Sentimen
Negatif (99%)
27 Jun 2024 : 10.55
Informasi Tambahan

Institusi: Universitas Indonesia

Kab/Kota: Depok

Kasus: KKN

9 Dosa Rezim Jokowi Dikuliti Mahkamah Rakyat Luar Biasa, Istana Balas Pakai Hasil Survei

27 Jun 2024 : 17.55 Views 2

Pikiran-Rakyat.com Pikiran-Rakyat.com Jenis Media: Nasional

9 Dosa Rezim Jokowi Dikuliti Mahkamah Rakyat Luar Biasa, Istana Balas Pakai Hasil Survei

PIKIRAN RAKYAT - Koordinator Staf Khusus Presiden, Ari Dwipayana menjawab kritik terhadap Presiden Jokowi dalam Sidang Mahkamah Rakyat Luar Biasa. Sebagai 'balasan', dia membahas hasil survei kinerja pemerintahan Jokowi-Ma'ruf Amin yang mencapai tingkat kepuasan publik sebesar 75,6 persen.

"Sebagaimana hasil survei lembaga-lembaga yang kredibel, misalnya, Litbang Kompas yang baru saja menunjukkan tingkat kepuasan pada kinerja Pemerintahan Jokowi mencapai 75,6 persen," tuturnya di Jakarta, Selasa 25 Juni 2024.

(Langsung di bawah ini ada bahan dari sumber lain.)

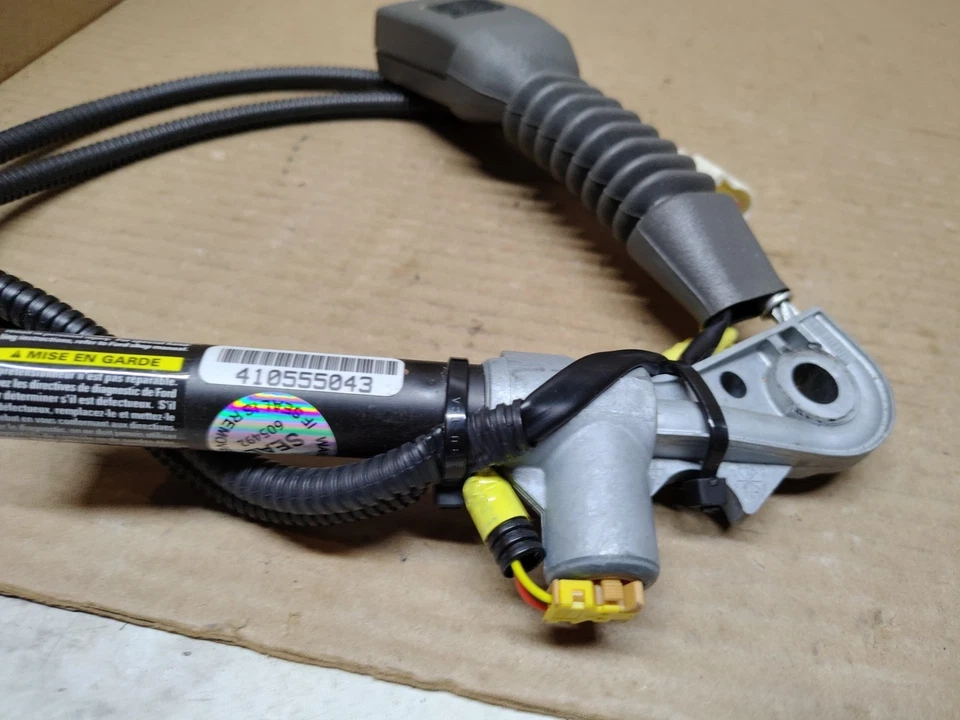 Conjunto receptor cinturón de seguridad pasajero delantero derecho Ford Expedition 2005 33009698 Foto 2 de 4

Ari Dwipayana mengatakan bahwa kritik terhadap Jokowi akan dijadikan masukan yang konstruktif, untuk memperbaiki kinerja di semua bidang pemerintahan. Namun di tengah kritik tersebut, Presiden dan pemerintah juga mendapatkan apresiasi, dukungan, dan kepercayaan yang positif dari masyarakat.

"Pemerintah terbuka menerima kritik ataupun dukungan terhadap jalannya pemerintahan. Kritik merupakan hal yang lazim dalam negara demokrasi," ujarnya.

Hasil Survei Kepuasan

Hasil survei Litbang Kompas yang disinggung Ari Dwipayana merinci bahwa masyarakat menganggap pemerintahan Jokowi-Ma'ruf Amin berhasil melakukan pemerataan pembangunan dengan tingkat kepuasan mencapai 74,5 persen.

Kepuasan terhadap pemerataan pembangunan menjadi indikator dengan tingkat apresiasi tertinggi terhadap Jokowi di bidang ekonomi. Survei tersebut menyebutkan metode penelitian dengan melibatkan 1.200 responden yang dipilih secara acak menggunakan metode pencuplikan sistematis bertingkat di 38 provinsi.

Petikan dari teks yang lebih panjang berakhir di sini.